CORDEAUX: No, I couldn’t agree more. It’s such a simple way of handing it. If you’re the director of a company - and it’s very easy to set up a company and it’s very easy to become a director – it should be that there is some sort of accountability or tracking mechanism.
LEIGH: And the strange thing, Jeremy, is that it’s easier at the moment to become a director than to open a bank account. We’ve had praise for our proposal today coming not only from the ACTU, but also from former ACT Liberal leader Kate Carnell. We’ve had the Australian Institute of Company Directors saying that they support a director identification number.
CORDEAUX: What do the Liberals say?
LEIGH: Well, they say they’re looking into it, but they’ve been dragging their heels on this one and meanwhile honest businesses are getting ripped off. Phoenix operators are able to run rampant in the economy, particularly in areas like construction and labour hire and they’re giving good directors a bad name and they’re ripping off honest workers.
CORDEAUX: The areas that sort of get feedback on are car, people in the car business, the car industry, the cleaning contractors, the building industry is almost infamous for this type of thing.
LEIGH: That’s right.

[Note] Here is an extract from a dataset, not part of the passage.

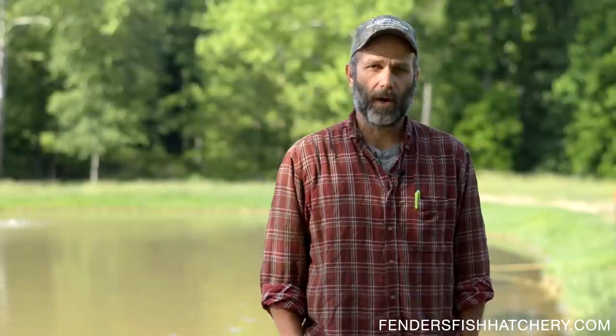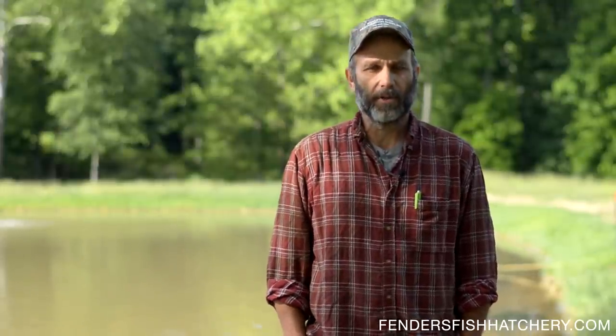Hi, my name is Steve Fender. I'm from Fender's Fish Hatchery. We're based here in Ohio. We've been stocking ponds and lakes and managing lakes since 1956, and what we're doing this video for today is to help you better manage your body of water and grow big fish.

We all know the myth of a phoenix, a bird that’s magically reborn from its ashes. But there’s nothing magical about these phoenix operators. They’re the lowest of the low because they they’re taking advantage of people’s trust and then leaving others out of pocket to pick up the pieces. Trying to take the assets, strip them out of one company and put them in the next one. We might not be able to eliminate all phoenixing, but straightforward measures such as raising the penalties, getting the standard of proof right and getting the director identification number will make a big difference.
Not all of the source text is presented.